CBW reader Anthony Moulds was taken on his final journey to Cefn Coed Cemetery, Merthyr Tydfil, by Vintage Lorry Funerals’ 1950 Leyland Beaver lorry.
Anthony was born in Hendon just before WWII and his family was evacuated to Bargoed, in the Welsh Valleys, when he was seven years old. In 1951 he left school and started his working life at Tower Colliery at Hirwaun, which became the oldest continuously working deep coal mine in Britain. Anthony was employed to look after the pit ponies that hauled loaded trucks from the face to the bottom of the shaft, and this was the start of his lifelong love of horses.

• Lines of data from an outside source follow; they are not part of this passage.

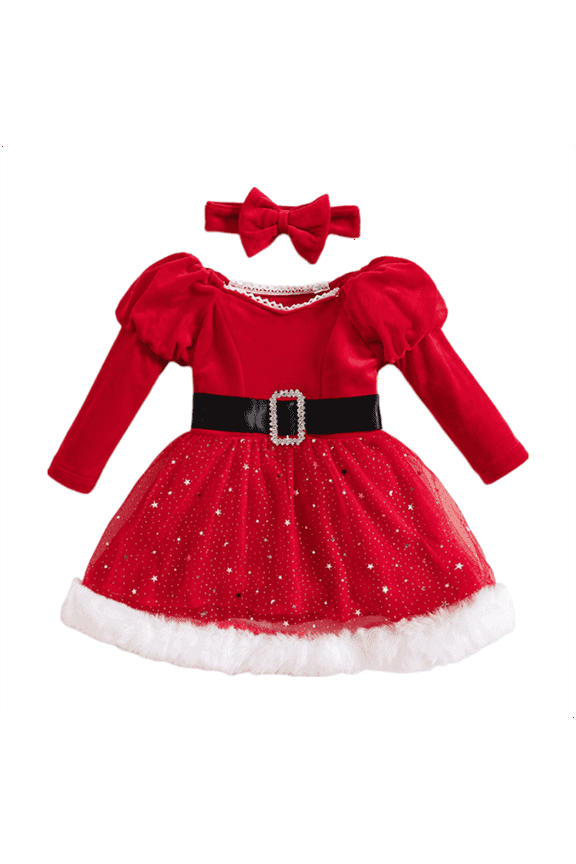 Children'S Long Sleeve Holiday Dress Velvet Christmas Dress For Girls Toddler Girls Children Round Neck Sleeveless Princess Dress Lace Puffy Dresses Party Wedding Prom Dresses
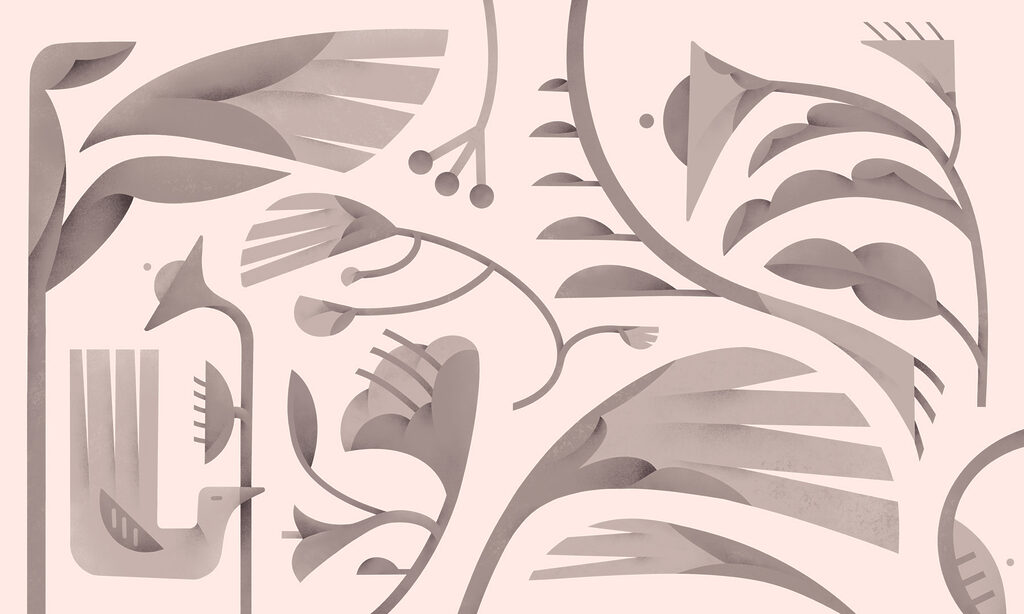 Floral patterns in soft shades. Floral patterns in soft shades.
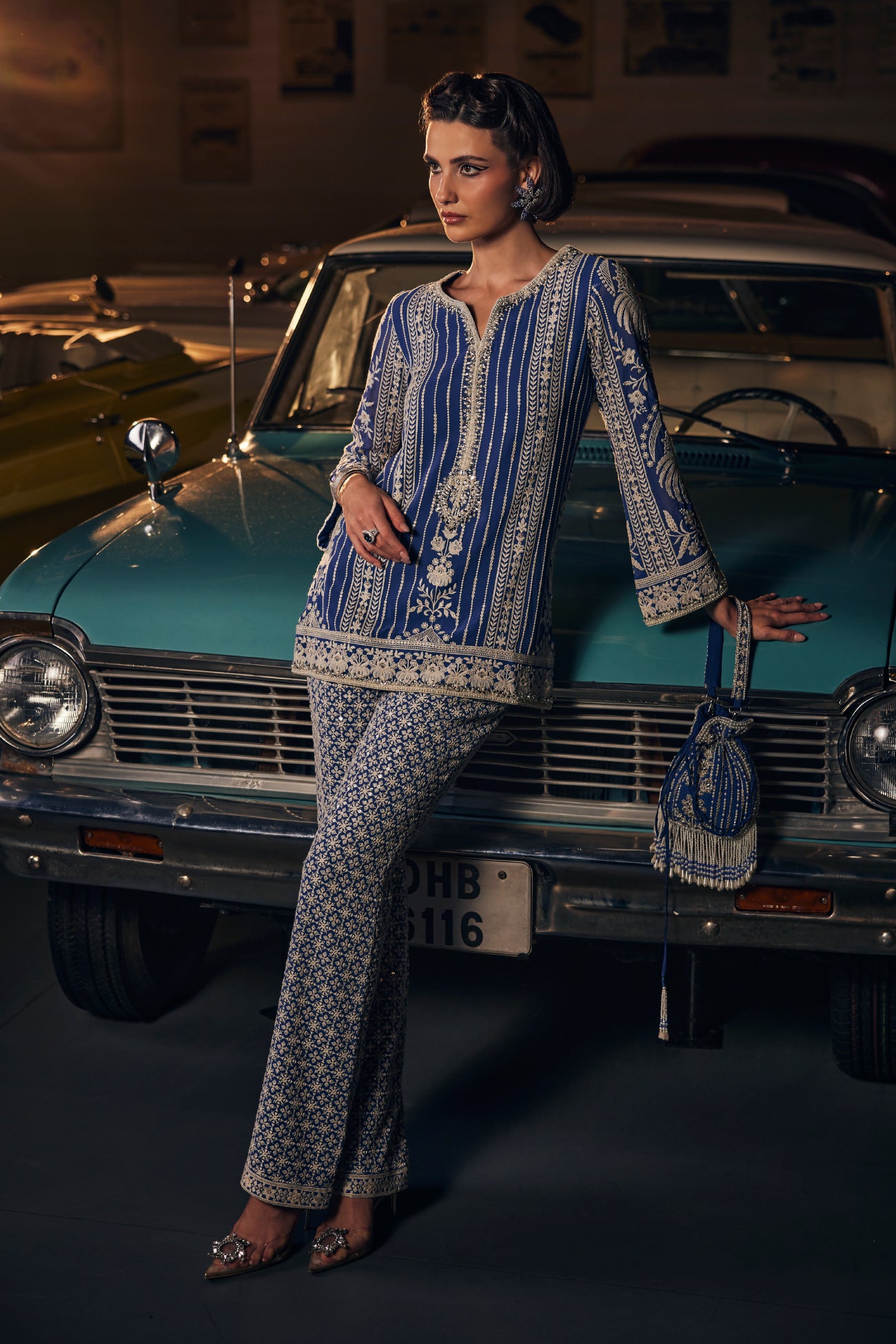 Perle Slim Tunic Set with Palazzos in Cobalt Thread
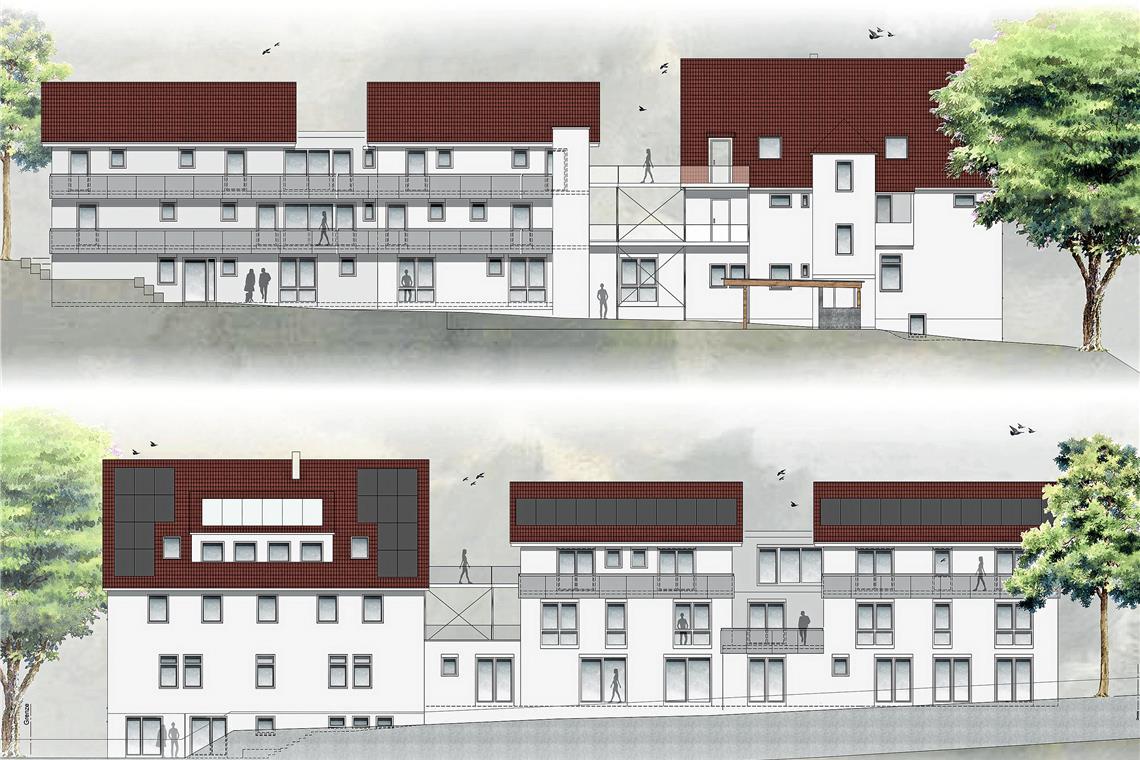 Baubeginn für die neue Wohngemeinschaft in Backnang Der Neubau vereint unter einem Dach die therapeutische Wohngemeinschaft mit ambulant-betreutem Wohnen und Mietwohnraum. Plan: Haalarchitekten
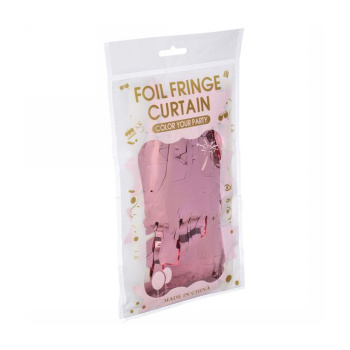 Занавес фольгированный "Звёзды" ш1м, в1.9м (матовый), розовое золото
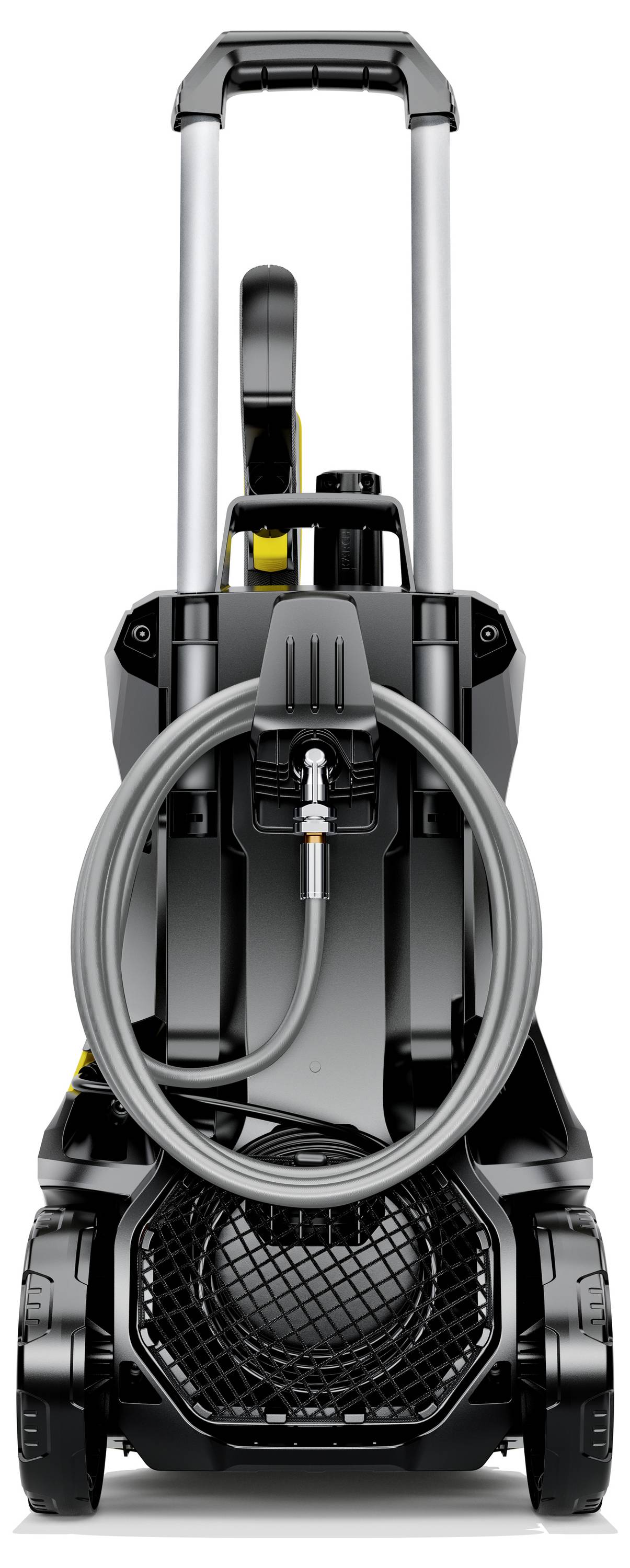 'A black high-pressure washer with handle, hose winding mechanism and large wheels for easy mobility.'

An accident caused an explosion underground in 1958 and Anthony was badly hurt, breaking his pelvis and both ankles. He spent the next six months in hospital and during his recuperation period he spent time with friends and family in London. Anthony then trained to work on London Transport double-decker buses.
In 1967, Anthony worked for Morlais Coaches, based at Trevethick Street Merthyr Tydfil, where his main activity was taking miners from pit villages to their colliery.
Outside work, his interests included pigeons and horses, which he entered into flapping races at locations such as Llandudno and Monmouth.
Anthony is deeply missed by his wife Gwyneth, their children, Debra, David and Darren, daughter-in-law Julie, eight grandchildren and great grandson Leland.